The Artificial Intelligence Infrastructure Workshop
上QQ阅读APP看书,第一时间看更新

ETL

ETL is the standard term that is used for Extracting, Transforming, and Loading data. In traditional data warehousing systems, the entire data pipeline consists of multiple ETL steps that follow after each other to bring the data from the source to the target (usually a report on a dashboard). Let's explore this in more detail:

E: Data is extracted from a source. This can be a file, a database, or a direct call to an API or web service. Once loaded with a query, the data is kept in memory, ready to be transformed. For example, a daily export file from a source system that produces client orders is read every day at 01:00.
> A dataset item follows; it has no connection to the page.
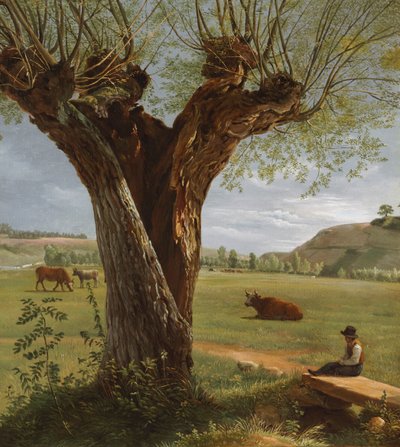 Pollard Willow, po 1804 r. autorstwa Pierre Jean Boquet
T: The data that was captured in memory during the extraction phase (or in the loading phase with ELT) is transformed using calculations, aggregations, and/or filters into a target dataset. For example, the customer order data is cleaned, enriched, and narrowed down per region.
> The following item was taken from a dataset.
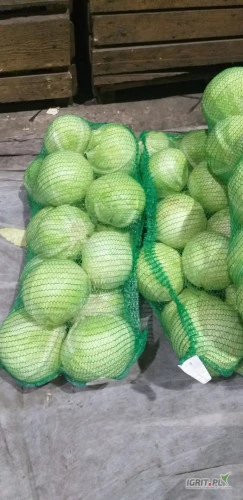 /images/posts/2025/02/1970723/l6QvsrPjAdnPlBw3lW9XdnRcCdGYwGIpzjPyg7Xp.jpeg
L: The data that was transformed is loaded (stored) into a data store.

This completes an ETL step. Similarly, in ELT, all the extracted data gets stored in the data store and then later transformed.
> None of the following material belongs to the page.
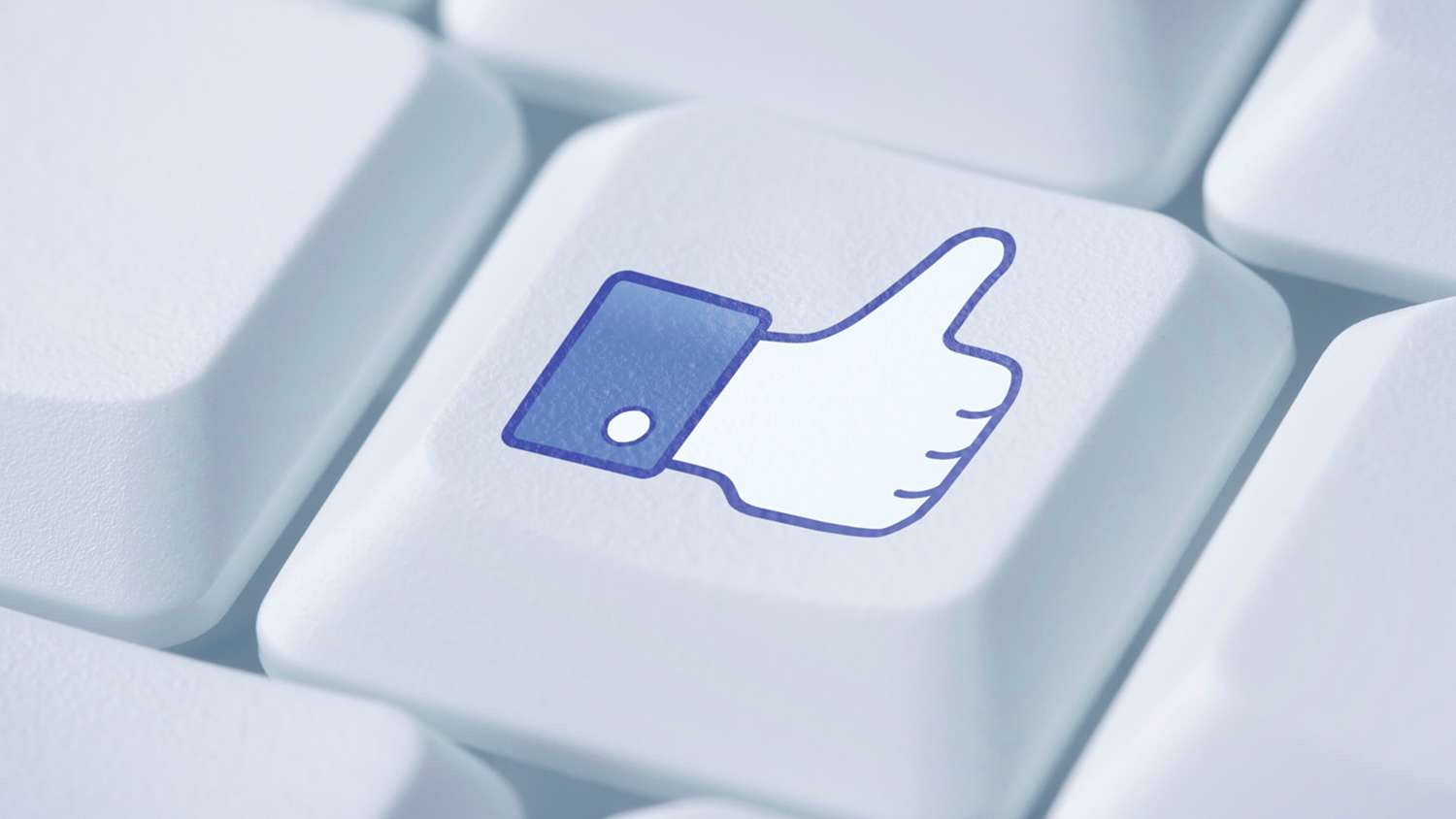 how to activate facebook profile picture guard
The following figure is an example of a full data pipeline, from a source system to a trained model:

Figure 3.1: An example of a typical ETL data pipeline

In modern systems such as data lakes, the ETL chain is often replaced by ELT. Rather than having, say, five ETL steps, where data is slowly refined and made ready for analysis, from a raw format to a queryable form, all the data is loaded into one large data store. Then, a series of transformations that are mostly virtual (not stored on disk) runs directly on top of the stored data to produce a similar outcome for analytics. In this way, a gain in storage space and performance can be achieved since modern (cloud-based) storage systems are capable of handling massive amounts of data. The data pipeline becomes somewhat simpler, although the various T(Transform) steps still have to be managed as separate software pieces:

Figure 3.2: An example of an ELT data pipeline

In the remainder of this chapter, we will look in detail at the ETL and ELT steps. Use the text and exercises to form a good understanding of the possibilities for preparing your data. Remember that there is no silver bullet; every use case will have specific needs when it comes to data processing and storage. There are many tools and techniques that can be used to get data from A to B; pick the ones that suit your company best, and whatever you pick, never forget the best practices of software development, such as version control, test-driven development, clean code, documentation, and common sense.